* Assignment *
Transcribe all of the records precisely as they are presented.

(Collected data entries)
════════════════════
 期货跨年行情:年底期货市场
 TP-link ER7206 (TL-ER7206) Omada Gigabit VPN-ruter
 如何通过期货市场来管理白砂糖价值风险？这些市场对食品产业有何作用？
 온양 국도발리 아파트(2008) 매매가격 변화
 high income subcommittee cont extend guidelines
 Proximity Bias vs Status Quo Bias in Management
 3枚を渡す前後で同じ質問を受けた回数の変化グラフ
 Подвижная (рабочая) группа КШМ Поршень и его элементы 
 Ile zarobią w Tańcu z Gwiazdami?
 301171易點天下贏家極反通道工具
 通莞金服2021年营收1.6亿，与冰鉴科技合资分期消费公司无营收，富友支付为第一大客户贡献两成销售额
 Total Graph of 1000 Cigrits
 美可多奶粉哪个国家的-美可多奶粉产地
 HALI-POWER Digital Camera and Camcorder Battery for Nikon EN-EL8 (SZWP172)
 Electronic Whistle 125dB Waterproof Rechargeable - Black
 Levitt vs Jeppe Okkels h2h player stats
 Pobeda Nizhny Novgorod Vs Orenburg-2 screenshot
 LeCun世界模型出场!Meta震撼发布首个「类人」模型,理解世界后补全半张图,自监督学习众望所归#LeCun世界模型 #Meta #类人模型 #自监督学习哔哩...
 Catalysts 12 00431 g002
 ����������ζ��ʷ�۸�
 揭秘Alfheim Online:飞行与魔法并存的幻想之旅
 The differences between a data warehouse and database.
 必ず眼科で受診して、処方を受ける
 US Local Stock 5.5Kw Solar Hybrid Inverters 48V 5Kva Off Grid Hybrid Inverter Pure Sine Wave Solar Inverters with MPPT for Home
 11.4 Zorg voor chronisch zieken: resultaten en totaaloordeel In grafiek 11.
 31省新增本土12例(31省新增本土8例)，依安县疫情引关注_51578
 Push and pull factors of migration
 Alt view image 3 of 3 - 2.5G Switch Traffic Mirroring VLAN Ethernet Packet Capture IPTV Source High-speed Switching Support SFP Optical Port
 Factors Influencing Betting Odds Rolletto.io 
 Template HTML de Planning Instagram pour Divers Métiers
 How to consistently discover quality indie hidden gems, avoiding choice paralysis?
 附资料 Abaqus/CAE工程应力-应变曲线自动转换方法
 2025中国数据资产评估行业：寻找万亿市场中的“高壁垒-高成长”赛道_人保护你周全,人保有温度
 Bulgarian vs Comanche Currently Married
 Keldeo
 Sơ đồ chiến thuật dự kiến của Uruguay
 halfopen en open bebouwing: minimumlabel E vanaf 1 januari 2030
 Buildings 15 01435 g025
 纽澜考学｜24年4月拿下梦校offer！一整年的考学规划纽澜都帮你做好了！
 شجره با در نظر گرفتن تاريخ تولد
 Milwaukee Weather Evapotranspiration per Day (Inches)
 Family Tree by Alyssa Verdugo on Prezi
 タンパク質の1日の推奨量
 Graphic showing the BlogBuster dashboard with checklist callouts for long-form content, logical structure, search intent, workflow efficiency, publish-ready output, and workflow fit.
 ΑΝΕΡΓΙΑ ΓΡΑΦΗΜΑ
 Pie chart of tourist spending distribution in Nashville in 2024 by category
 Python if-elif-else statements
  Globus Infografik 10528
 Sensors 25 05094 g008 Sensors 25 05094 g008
════════════════════
* Worked solution *
 期货跨年行情:年底期货市场
 TP-link ER7206 (TL-ER7206) Omada Gigabit VPN-ruter
 如何通过期货市场来管理白砂糖价值风险？这些市场对食品产业有何作用？
 온양 국도발리 아파트(2008) 매매가격 변화
 high income subcommittee cont extend guidelines
 Proximity Bias vs Status Quo Bias in Management
 3枚を渡す前後で同じ質問を受けた回数の変化グラフ
 Подвижная (рабочая) группа КШМ Поршень и его элементы 
 Ile zarobią w Tańcu z Gwiazdami?
 301171易點天下贏家極反通道工具
 通莞金服2021年营收1.6亿，与冰鉴科技合资分期消费公司无营收，富友支付为第一大客户贡献两成销售额
 Total Graph of 1000 Cigrits
 美可多奶粉哪个国家的-美可多奶粉产地
 HALI-POWER Digital Camera and Camcorder Battery for Nikon EN-EL8 (SZWP172)
 Electronic Whistle 125dB Waterproof Rechargeable - Black
 Levitt vs Jeppe Okkels h2h player stats
 Pobeda Nizhny Novgorod Vs Orenburg-2 screenshot
 LeCun世界模型出场!Meta震撼发布首个「类人」模型,理解世界后补全半张图,自监督学习众望所归#LeCun世界模型 #Meta #类人模型 #自监督学习哔哩...
 Catalysts 12 00431 g002
 ����������ζ��ʷ�۸�
 揭秘Alfheim Online:飞行与魔法并存的幻想之旅
 The differences between a data warehouse and database.
 必ず眼科で受診して、処方を受ける
 US Local Stock 5.5Kw Solar Hybrid Inverters 48V 5Kva Off Grid Hybrid Inverter Pure Sine Wave Solar Inverters with MPPT for Home
 11.4 Zorg voor chronisch zieken: resultaten en totaaloordeel In grafiek 11.
 31省新增本土12例(31省新增本土8例)，依安县疫情引关注_51578
 Push and pull factors of migration
 Alt view image 3 of 3 - 2.5G Switch Traffic Mirroring VLAN Ethernet Packet Capture IPTV Source High-speed Switching Support SFP Optical Port
 Factors Influencing Betting Odds Rolletto.io 
 Template HTML de Planning Instagram pour Divers Métiers
 How to consistently discover quality indie hidden gems, avoiding choice paralysis?
 附资料 Abaqus/CAE工程应力-应变曲线自动转换方法
 2025中国数据资产评估行业：寻找万亿市场中的“高壁垒-高成长”赛道_人保护你周全,人保有温度
 Bulgarian vs Comanche Currently Married
 Keldeo
 Sơ đồ chiến thuật dự kiến của Uruguay
 halfopen en open bebouwing: minimumlabel E vanaf 1 januari 2030
 Buildings 15 01435 g025
 纽澜考学｜24年4月拿下梦校offer！一整年的考学规划纽澜都帮你做好了！
 شجره با در نظر گرفتن تاريخ تولد
 Milwaukee Weather Evapotranspiration per Day (Inches)
 Family Tree by Alyssa Verdugo on Prezi
 タンパク質の1日の推奨量
 Graphic showing the BlogBuster dashboard with checklist callouts for long-form content, logical structure, search intent, workflow efficiency, publish-ready output, and workflow fit.
 ΑΝΕΡΓΙΑ ΓΡΑΦΗΜΑ
 Pie chart of tourist spending distribution in Nashville in 2024 by category
 Python if-elif-else statements
  Globus Infografik 10528
 Sensors 25 05094 g008 Sensors 25 05094 g008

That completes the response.